Thompson’s roots as a Christian became well-known when “Focus on the Family” founder and Nazarene Church member James Dobson said in a broadcast that he did not believe the former senator, who played District Attorney Arthur Branch on NBC’s “Law and Order” was actually a Christian.

That prompted Thompson’s spokesperson to reply that the then-potential candidate was indeed a Christian having been “baptized into the church of Christ,” according to media reports at the time.

While the idea of a Thompson candidacy invigorated the Republican Party in mid-2007 when the former senator hinted he might be considering seeking the office, his perceived lack of action and energy once he announced soon caused most would-be supporters to look elsewhere for a candidate.

Thompson, who is divorced and remarried to a younger woman by whom he has two children, is apparently not active in the Lord’s church, though he does attend services with his elderly mother, who is a member of the body in Brentwood, Tenn.
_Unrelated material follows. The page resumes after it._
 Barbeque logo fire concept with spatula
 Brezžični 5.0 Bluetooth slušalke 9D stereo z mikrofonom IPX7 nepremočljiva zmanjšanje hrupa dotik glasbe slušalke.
The first and last member of the Lord’s church to occupy the White House was James Garfield, who studied at the feet of Alexander Campbell and taught at his college. He was also the first minister to become president. Woodrow Wilson, a Presbyterian preacher, was the only other evangelist to occupy the office.

Ronald Reagan was raised in the Disciples of Christ, but left that faith in adulthood. Lyndon B. Johnson was also a member of the DOC and some scholars have insisted that Abraham Lincoln was secretly baptized by a preacher in the Lord’s church, though that theory has largely been discredited.